This award is funded under the American Recovery and Reinvestment Act of 2009 (Public Law 111-5).
Correlated data are seen in diverse fields of sciences and humanities, ranging from computational biology and geology to health and social studies. However, modern correlated data frequently present additional complications such as high-dimensionality, nonlinearity and nongaussianity, for which more complex models are needed. Often times, these models require a large number of parameters, and the number of the parameters can increase with the sample size and can even be greater than the sample size. These pose significant challenges on both theoretical and computational fronts, as it is difficult to directly apply traditional likelihood techniques. This proposal aims to develop innovative statistical procedures and efficient computing algorithms for analyzing correlated data with complicated features using mixed models. The investigator focuses on three classes of mixed models: linear mixed models, nonlinear mixed models and generalized mixed models, and extends the concept of partial consistency and the nonconcave penalized least squares method to address several challenging issues in mixed model estimation and selection. In particular, the investigator 1) explores the concept of partial consistency in linear mixed models and develops a simple yet robust two-step estimation method; 2) develops penalized least squares methods to select fixed effects as well as the covariance and precision matrices of random effects; 3) formulates the nonlinear mixed model estimation and testing problems as model selection problems and develops a group selection method for nonlinear mixed models; 4) extends the proposed penalized least squares method to ultra-high dimensional variable selection; and 5) generalizes the proposed two-step estimation method and penalized least squares method to generalized linear mixed models.
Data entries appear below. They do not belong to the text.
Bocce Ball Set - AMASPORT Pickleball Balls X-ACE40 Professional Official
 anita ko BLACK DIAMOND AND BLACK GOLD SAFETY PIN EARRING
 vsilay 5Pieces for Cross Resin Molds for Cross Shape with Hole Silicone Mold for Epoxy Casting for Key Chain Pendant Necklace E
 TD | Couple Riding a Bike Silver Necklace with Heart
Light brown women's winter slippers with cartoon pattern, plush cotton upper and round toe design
The research findings of this proposal will greatly broaden the applications of mixed models, especially in jointly modeling different types of data. For example, one can jointly model clinical and genomics data in a unified way where genomics data such as gene expressions are treated as random effects and explain the heterogeneity among groups while clinical data such as age, gender and blood pressure are treated as fixed effects and are of primary interest. Such a joint modeling approach allows one to account for the correlation among genes and to study genes or genetic pathways in a system way rather than traditional gene-by-gene way. Moreover, the research findings of this proposal will also shred light on analyzing high-dimensional and massive data. For example, by extending the concept of partial consistency to mixed models, one will have better understandings as how to explore the unique structure of high-dimensional data in order to extract valuable information to produce consistent, efficient and robust estimates for some parameters. In addition, the proposed methodologies will be introduced to researchers in other areas through interdisciplinary collaboration work, and will also be integrated into the investigator's educational activities by developing graduate and undergraduate curriculums and by training graduate students. Open source R and Matlab codes implementing the proposed methodologies will be made available to general public.